Nie tylko T-90. Rosyjska armia zasilona nową partią BMP-3 i BMD-4M
Rosyjskie siły w Ukrainie otrzymały nową dostawę bojowych wozów piechoty BMD-4M oraz BMP-3 wyposażonych w dodatkowe wyposażenie ochronne, jak systemy kamuflażu Nakidka.
Dopiero co pisaliśmy, że zakłady Uralwagonzawod wspólnie z rosyjską armią zorganizowały kolejny wielki koncert z okazji wyprodukowania i wysłania do Ukrainy nowiutkich T-90M Proryw-3. Ale "cudowne czołgi Putina", które w boju nie okazały się wcale takie cudowne (nie lubią ich nawet rosyjscy żołnierze, zarzucając im choćby brak klimatyzacji, bez której już niebawem będą się w nich dosłownie gotować), to dopiero początek nowych dostaw.

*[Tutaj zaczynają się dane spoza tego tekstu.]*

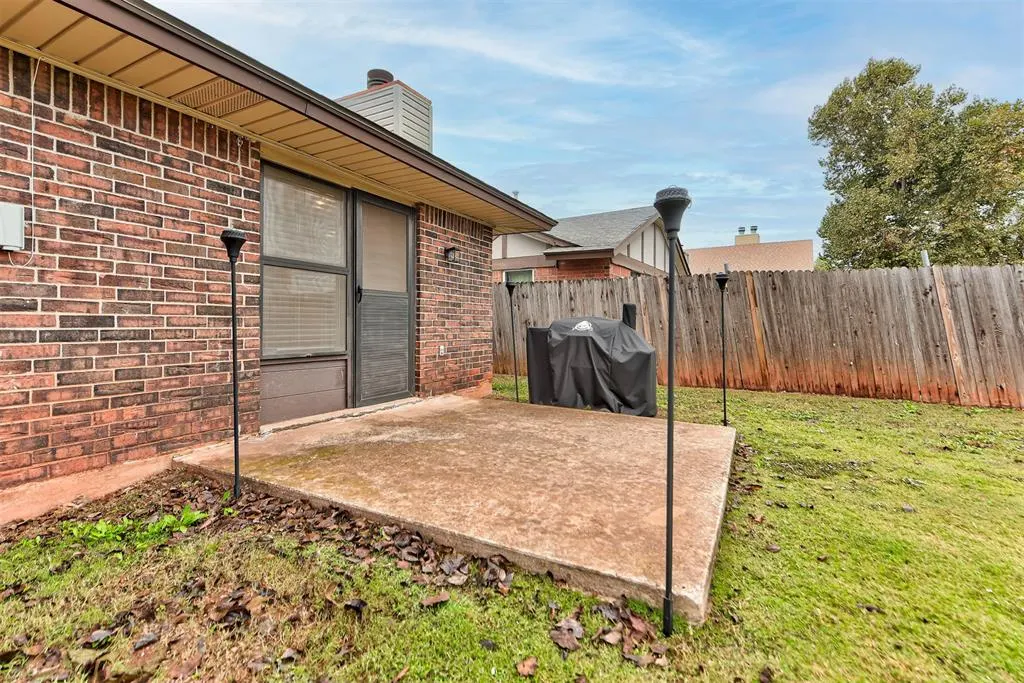 Photo 42 — 10908 Beaulaine Place, Oklahoma City, OK 73114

Dziś docierają do nas bowiem informacje od państwowej rosyjskiej korporacji Rostec sugerujące, że do Ukrainy dotarł także transport wozów BMP-3 i BMD-4M (to druga ujawniona dostawa pojazdów BMP-3 w tym roku i pierwsza dostawa BMD-4M). Kurganmaszzawod (KMZ), czyli firma dostarczająca te jednostki, oświadczyła, że dostawa została zrealizowana przed planowanym terminem.

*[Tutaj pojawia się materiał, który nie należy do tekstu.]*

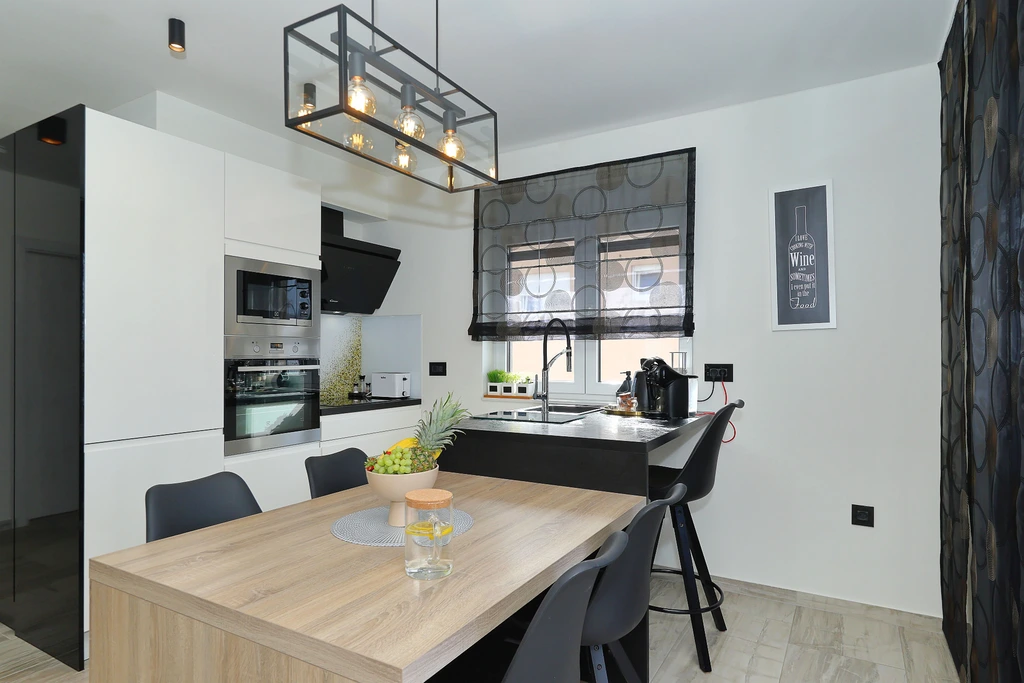 Zadar – Penthouse 2 – Krovna terasa i jacuzzi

Podobnie jak w przypadku T-90, nie padają tu żadne konkretne informacje na temat liczby jednostek, ale przy tych pierwszych mieliśmy do czynienia z największym transportem w ostatnich dwóch miesiącach, co może być pewną wskazówką. Od pewnego czasu mówi się zresztą, że rosyjski przemysł przestawiony w wojenny tryb działania coraz skuteczniej radzi sobie z uzupełnianiem strat.
Warto też dodać, że źródła ukraińskie informowały kilka tygodni temu, że Kurgańskie Zakłady Produkcji Maszyn były zagrożone regionalną katastrofą. W związku z nieoczekiwanym zrzutem wody z sąsiednich zbiorników, który spowodował powodzie na pograniczu Rosji i Kazachstanu, pojawiło się ryzyko wyłączenia lokalnej elektrowni - wydaje się jednak, że ostatecznie nic takiego nie miało miejsca i zakład utrzymuje normalną działalność.